Update: Ideally, the answer below should not be used as it leads to data leakage as discussed in comments. In this answer, GridSearchCV will tune the hyperparameters on the data already preprocessed by StandardScaler, which is not correct. In most conditions that should not matter much, but algorithms which are too sensitive to scaling will give wrong results.


Essentially, GridSearchCV is also an estimator, implementing fit() and predict() methods, used by the pipeline.

So instead of:

grid = GridSearchCV(make_pipeline(StandardScaler(), LogisticRegression()),
                    param_grid={'logisticregression__C': [0.1, 10.]},
                    cv=2,
                    refit=False)

Do this:

clf = make_pipeline(StandardScaler(), 
                    GridSearchCV(LogisticRegression(),
                                 param_grid={'logisticregression__C': [0.1, 10.]},
                                 cv=2,
                                 refit=True))

clf.fit()
clf.predict()

What it will do is, call the StandardScalar() only once, for one call to clf.fit() instead of multiple calls as you described.

Edit:

Changed refit to True, when GridSearchCV is used inside a pipeline. As mentioned in documentation:

refit : boolean, default=True Refit the best estimator with the entire dataset.
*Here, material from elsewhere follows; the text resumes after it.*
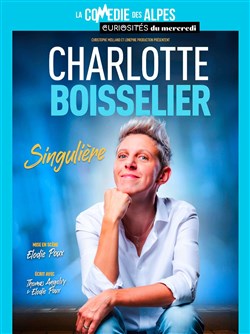 Affiche de Charlotte Boisselier dans Singulière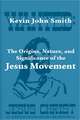 The Origins, Nature, and Significance of the Jesus Movement as a Revitalization Movement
If “False”, it is impossible to make predictions using this GridSearchCV instance after fitting.

If refit=False, clf.fit() will have no effect because the GridSearchCV object inside the pipeline will be reinitialized after fit(). When refit=True, the GridSearchCV will be refitted with the best scoring parameter combination on the whole data that is passed in fit().

So if you want to make the pipeline, just to see the scores of the grid search, only then the refit=False is appropriate. If you want to call the clf.predict() method, refit=True must be used, else Not Fitted error will be thrown.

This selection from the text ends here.